--- Given entries Enclosed Below ---

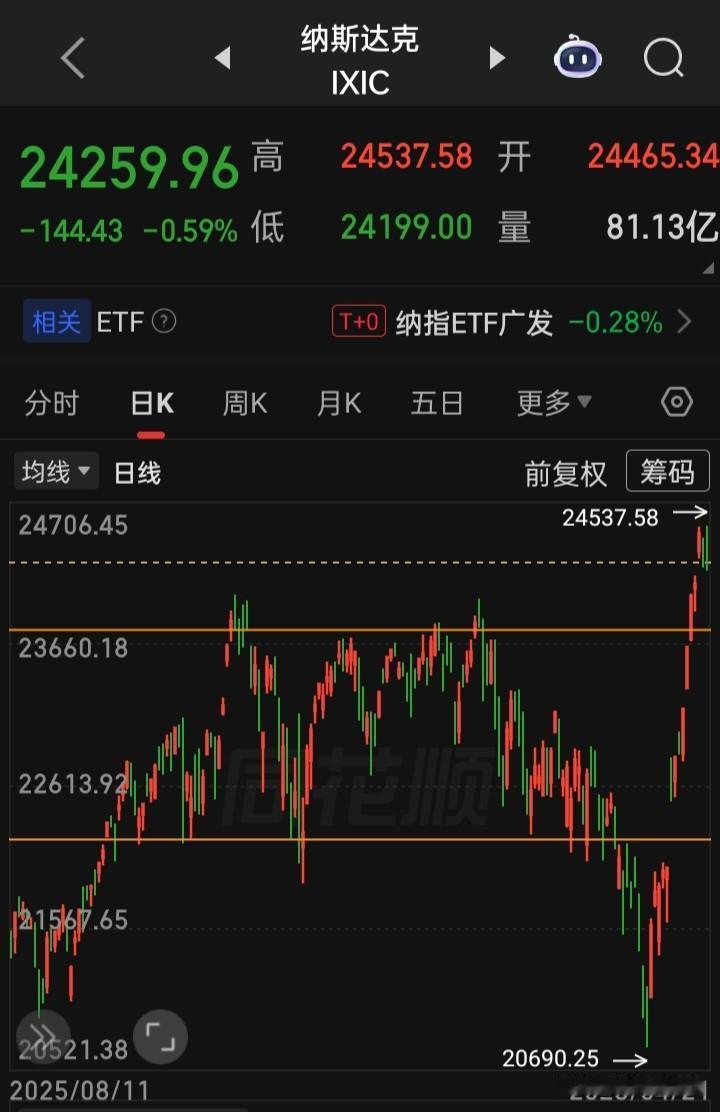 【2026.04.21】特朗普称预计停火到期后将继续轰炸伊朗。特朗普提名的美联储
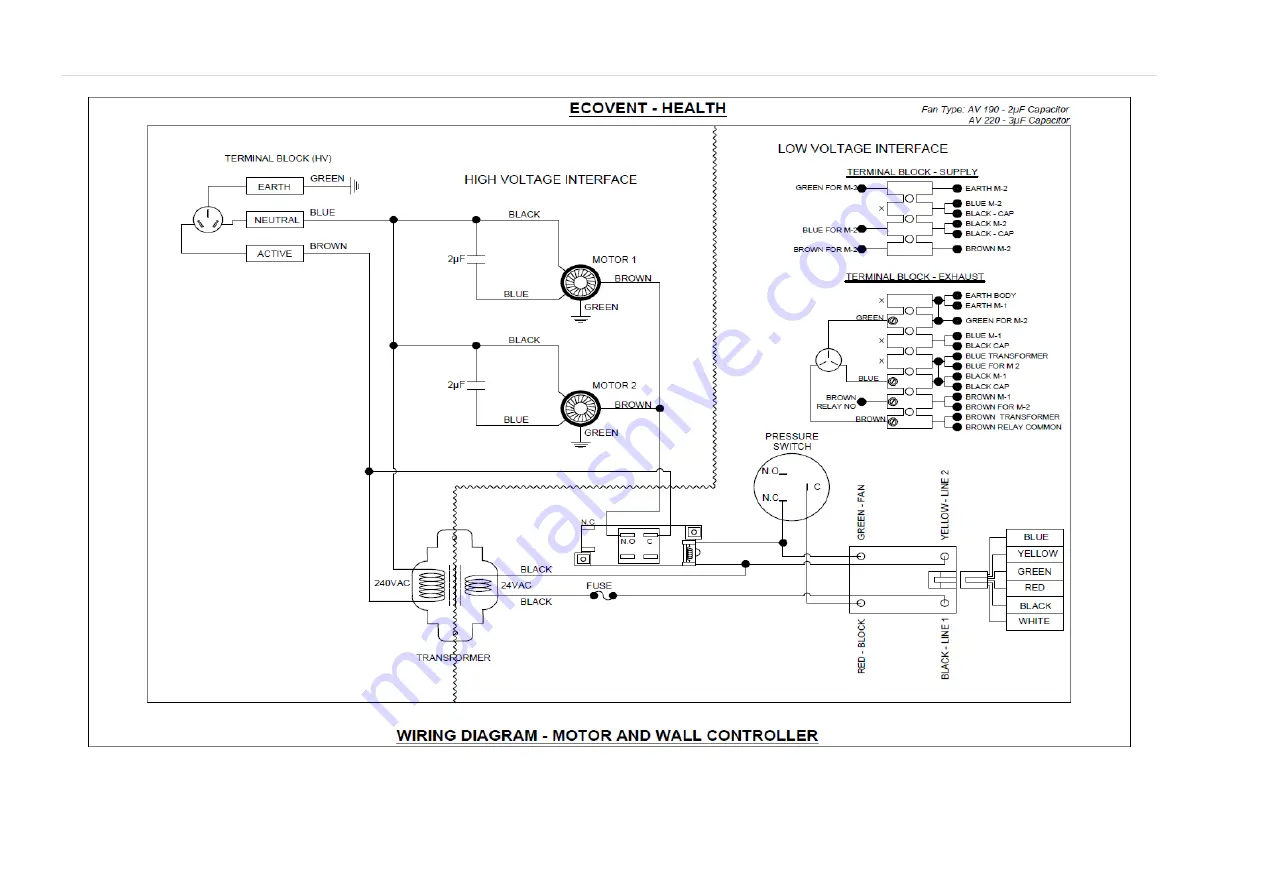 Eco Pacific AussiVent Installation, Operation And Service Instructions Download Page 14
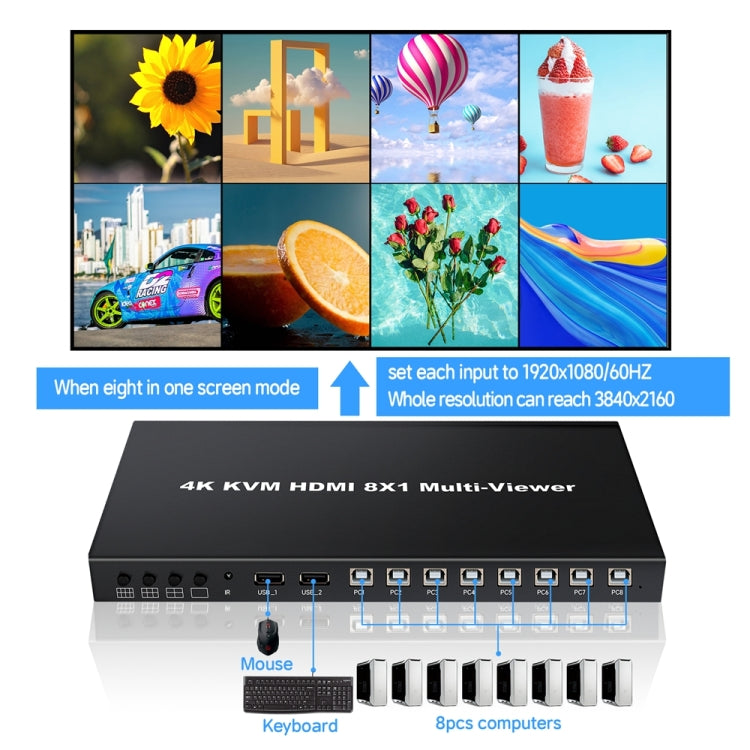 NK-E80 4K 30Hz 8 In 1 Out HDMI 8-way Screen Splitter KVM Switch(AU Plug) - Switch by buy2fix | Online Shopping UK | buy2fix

--- End of Enclosed Given entries ---
--- Given entries Enclosed Below ---

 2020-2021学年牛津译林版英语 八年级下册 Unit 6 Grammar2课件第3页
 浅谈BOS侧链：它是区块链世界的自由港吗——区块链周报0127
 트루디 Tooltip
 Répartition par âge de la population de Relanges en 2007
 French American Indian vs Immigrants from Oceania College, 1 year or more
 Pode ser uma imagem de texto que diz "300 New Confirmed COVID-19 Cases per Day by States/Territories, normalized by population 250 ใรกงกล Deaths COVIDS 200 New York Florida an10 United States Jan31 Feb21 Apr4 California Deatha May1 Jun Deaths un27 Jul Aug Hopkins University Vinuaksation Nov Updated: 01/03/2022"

--- End of Enclosed Given entries ---

#### [Work request]
From the entries above, extract only the lines running from the one containing "French American Indian" through the one containing "Pode ser uma", inclusive.

#### [Reply]
 French American Indian vs Immigrants from Oceania College, 1 year or more
 Pode ser uma imagem de texto que diz "300 New Confirmed COVID-19 Cases per Day by States/Territories, normalized by population 250 ใรกงกล Deaths COVIDS 200 New York Florida an10 United States Jan31 Feb21 Apr4 California Deatha May1 Jun Deaths un27 Jul Aug Hopkins University Vinuaksation Nov Updated: 01/03/2022"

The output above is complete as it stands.